Your assignment:
Each line of the listing below that includes "Silverado" must be copied.

Input material:
-=-=-

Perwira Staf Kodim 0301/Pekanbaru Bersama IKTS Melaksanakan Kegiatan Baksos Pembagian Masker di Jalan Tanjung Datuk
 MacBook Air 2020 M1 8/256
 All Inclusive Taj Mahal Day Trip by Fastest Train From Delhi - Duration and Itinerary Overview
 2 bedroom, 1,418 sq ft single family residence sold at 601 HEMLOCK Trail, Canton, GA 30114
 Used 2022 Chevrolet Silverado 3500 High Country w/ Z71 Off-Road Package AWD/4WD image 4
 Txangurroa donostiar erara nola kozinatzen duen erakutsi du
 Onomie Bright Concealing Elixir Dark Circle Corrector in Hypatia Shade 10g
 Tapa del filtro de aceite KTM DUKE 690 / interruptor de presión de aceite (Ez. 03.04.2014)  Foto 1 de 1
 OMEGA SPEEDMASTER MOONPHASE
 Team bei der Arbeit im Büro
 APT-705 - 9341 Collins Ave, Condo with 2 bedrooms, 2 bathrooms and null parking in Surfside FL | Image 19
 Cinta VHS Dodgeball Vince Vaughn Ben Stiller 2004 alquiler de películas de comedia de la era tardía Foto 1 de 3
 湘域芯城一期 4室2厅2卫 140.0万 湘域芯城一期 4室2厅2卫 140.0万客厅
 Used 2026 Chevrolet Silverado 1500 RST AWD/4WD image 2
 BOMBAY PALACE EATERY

-=-=-

Exercise result:
 Used 2022 Chevrolet Silverado 3500 High Country w/ Z71 Off-Road Package AWD/4WD image 4
 Used 2026 Chevrolet Silverado 1500 RST AWD/4WD image 2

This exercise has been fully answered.